Here is a woman with the resources, the vision and the desire to take all 30,000 wild horses currently held in BLM pens and put them on a private sanctuary, which she will buy and pay for. The BLM, who has shown their incompetence in handling the wild horse population since the 1970s, obstinately refuses to work with Ms. Pickens in solving their problem. I don't get it.
I would think that the BLM would be grateful to a private citizen who was willing to take all those horses off their hands. Can someone explain to me why they don't give her free rein?
Kendel Dreyer
Santa Fe
Party Packs
Thank you for your article in the news section titled "Needle Points." I had no idea a program like this existed. Ms. [Sheilah] Galer and the Santa Fe Mountain Center's Harm Reduction Program are doing nothing but enabling the addicts and future addicts by handing out their "Party Packs."
What truly disturbed me was the final few paragraphs detailing how she hands needles out to children. I sincerely hope my tax money is not going to fund a program that is contributing to the drug abuse and deaths of New Mexico's children. Where are the parents of these children? Why does Ms. Galer not feel an ethical and moral compulsion not to help these kids. Giving drug paraphernalia to children is not helping them.
Call the Children, Youth and Families Department, the police, anyone. Ms. Galer concludes the article with a statement on how the children will "clean up" someday. Does she really believe that when she is handing out easy means to continue their addictions?
Jake Goldbogen
Santa Fe
Free Press freely
Until May of this year, I was the publisher of the New Mexico Free Press. The Free Press was not designed to be the right-leaning publication that became so reviled by some Santa Feans, or was it?
The idea to publish a weekly, community newspaper for local residents and businesses was mine. I am responsible for assembling the staff that produced the Free Press.

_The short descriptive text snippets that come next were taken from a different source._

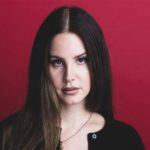 lana-del-rey-anuncia-‘chemtrails-over-the-country-club’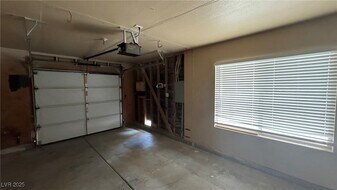 4754 Willow Crest Ave in Las Vegas, NV - Building Photo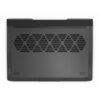 Lenovo LOQ 15IRH8 (82XV010DFR / Core i5 / RTX 4060 / 16 Go / 512 Go)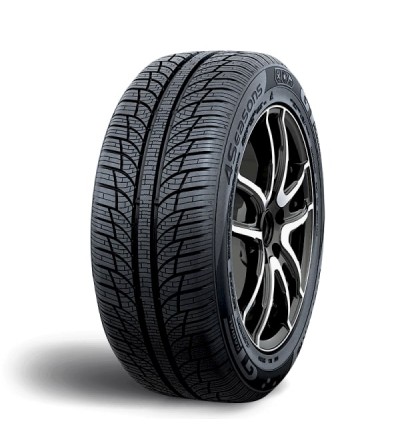 Anvelopa ALL SEASON GT Radial 4Seasons 205/55R16 94V XL [1]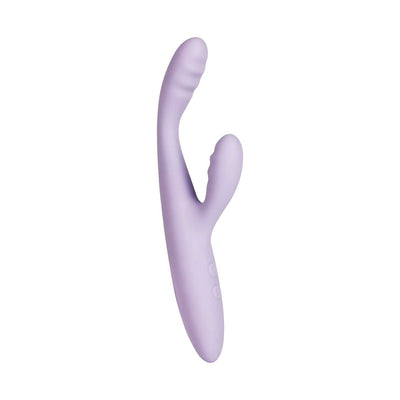 Boots Svakom Cici+ 2 App Controlled Slim Rabbit Vibrator- Buy online at McGrocer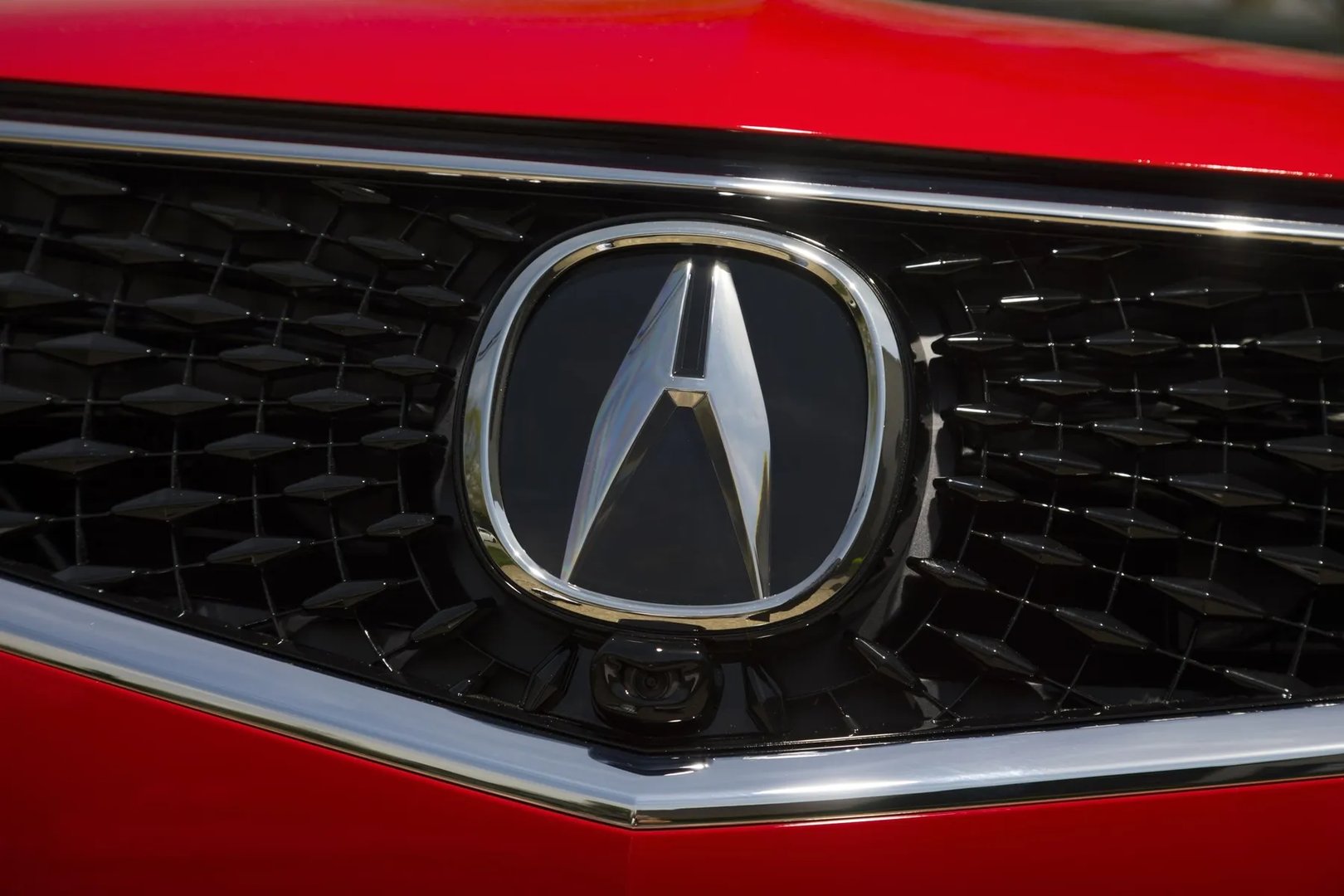 Acura_TLX_1_generation_restyling__Sedan__10.jpg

It is not my place to publicly discuss anyone's personality, character or political beliefs, but there are some things I would like all to know about the people who worked very hard to produce the paper each week.
The staff members of the Free Press were people across the political spectrum and our collective least-favorite section of our paper was ALWAYS the editorial section. The discussions, arguments and battles (nothing physical!) that took place in our offices each week would testify to this fact.
First and foremost, our goal was to cover the community-based stories about people and organizations that may have had trouble getting their news into print. Those people and organizations that came in contact with our staff members know that each and every member of the Free Press is a caring and genuinely nice person.
The articles, and especially the editorial content, that were printed in our paper are the crux of what became our dilemma. The staff of the Free Press NEVER wanted to be a political publication. We certainly did not want to be a politically slanted publication.
You might ask: If a publisher and all of his staff are opposed to certain articles and editorials, how in the world would the offensive content end up in print? The answer is, I was not the final word on some very key content decisions and neither was anyone on my staff.
Readers will have to draw their own conclusions as to why the Free Press died.
Speaking for myself, I am discouraged to say I have come to the belief that all of government, worldwide, is to blame for our troubles and the ultimate, real culprit lies deep within the dark bowels of the Fed-controlled financial world.